__EXERCISE BRIEF__.
What the answer must contain is every line of the records, exactly, with no pictures.

- - - -

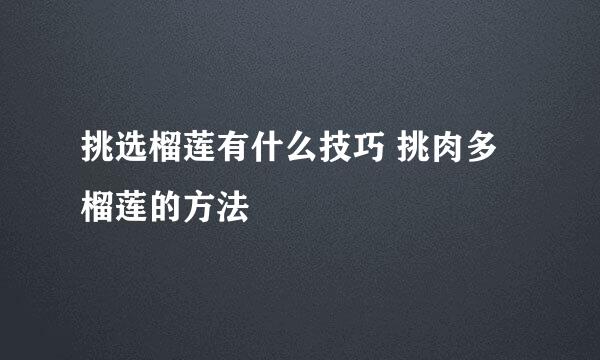 挑选榴莲有什么技巧 挑肉多榴莲的方法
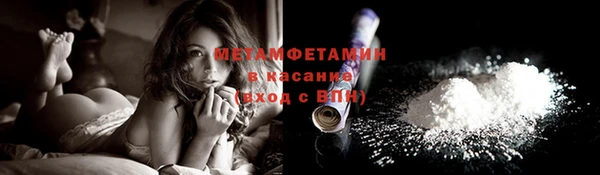 метадон Аркадак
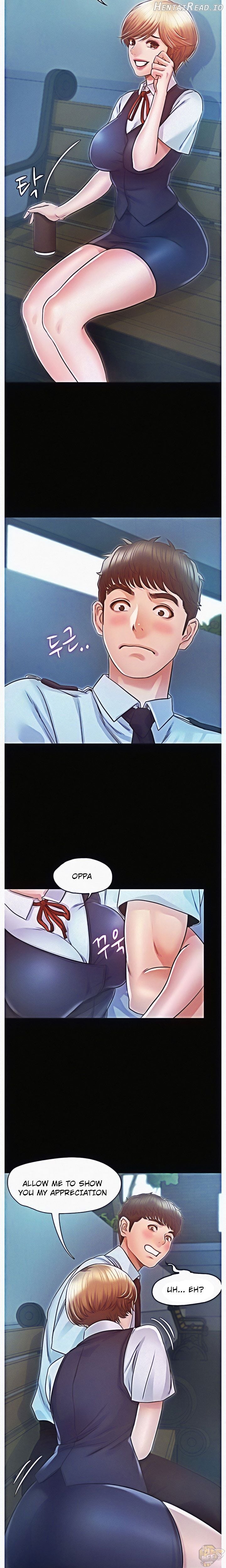 Who Did You Do With Chapter 17 - page 12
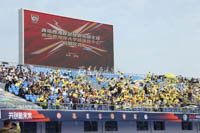 Qingdao West Coast University Town Stadium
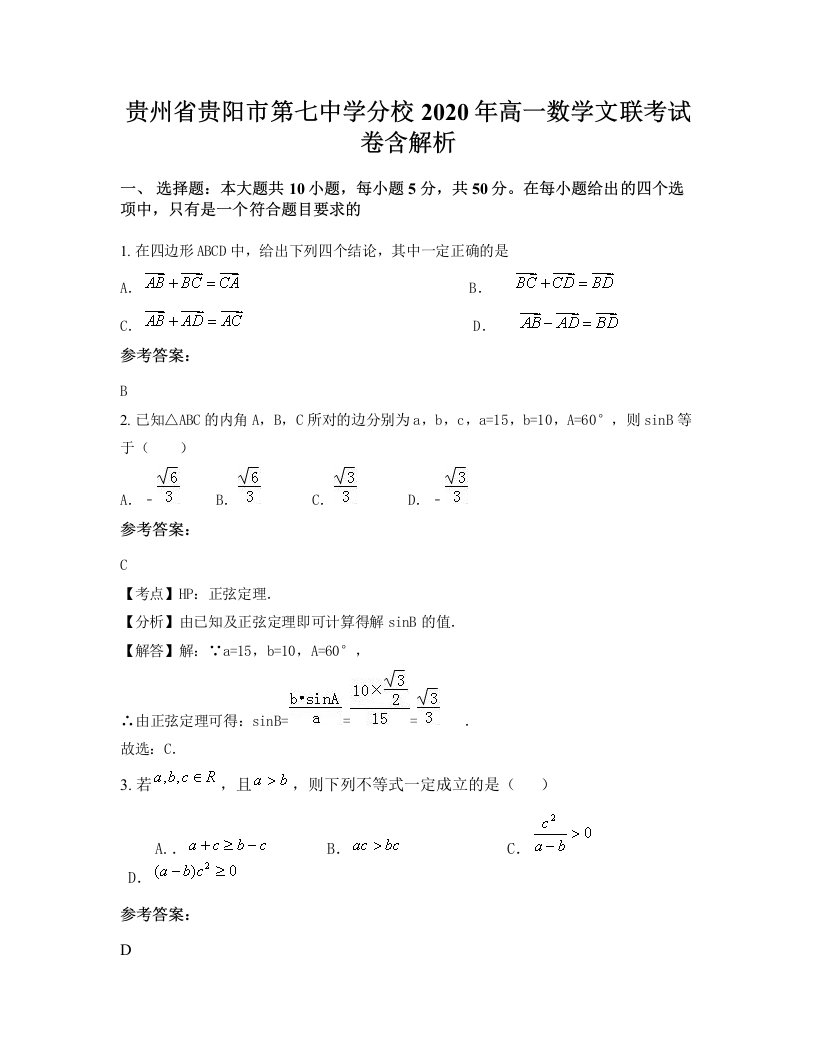 贵州省贵阳市第七中学分校2020年高一数学文联考试卷含解析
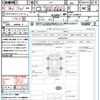 honda n-wgn 2019 quick_quick_JH1_JH1-1428810 image 21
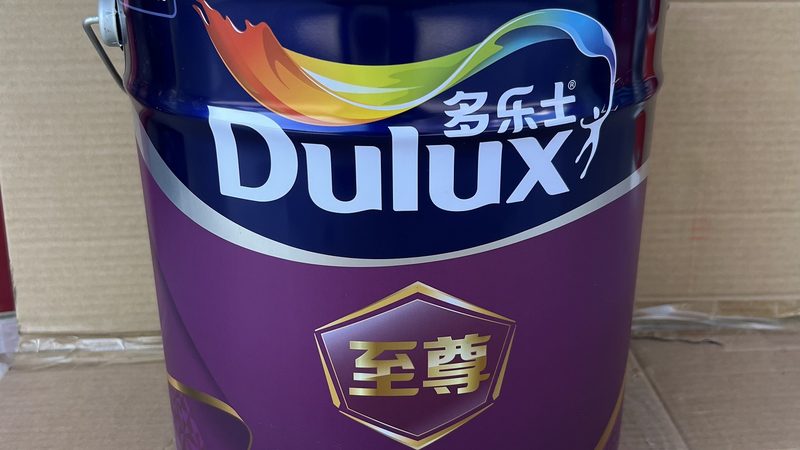 外墙漆哑光与亮光：耐候性之争，如何抉择？**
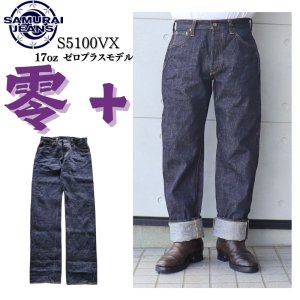 画像1: SAMURAIJEANS サムライジーンズ 零+モデルストレート ZERO PLUS MODEL STRAIGHT オリジナルデニム 17oz 鉄製松ノ木ボタン セカンド デニム ジーンズ 2nd type jeans コットン cotton ワンウォッシュ one wash 日本製 madeinjapan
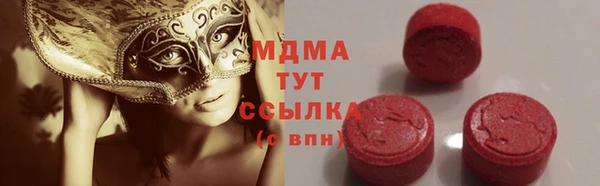скорость mdpv Алексеевка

- - - -

__FINAL ANSWER__.
 挑选榴莲有什么技巧 挑肉多榴莲的方法
 метадон Аркадак
 Who Did You Do With Chapter 17 - page 12
 Qingdao West Coast University Town Stadium
 贵州省贵阳市第七中学分校2020年高一数学文联考试卷含解析
 honda n-wgn 2019 quick_quick_JH1_JH1-1428810 image 21
 外墙漆哑光与亮光：耐候性之争，如何抉择？**
 画像1: SAMURAIJEANS サムライジーンズ 零+モデルストレート ZERO PLUS MODEL STRAIGHT オリジナルデニム 17oz 鉄製松ノ木ボタン セカンド デニム ジーンズ 2nd type jeans コットン cotton ワンウォッシュ one wash 日本製 madeinjapan
скорость mdpv Алексеевка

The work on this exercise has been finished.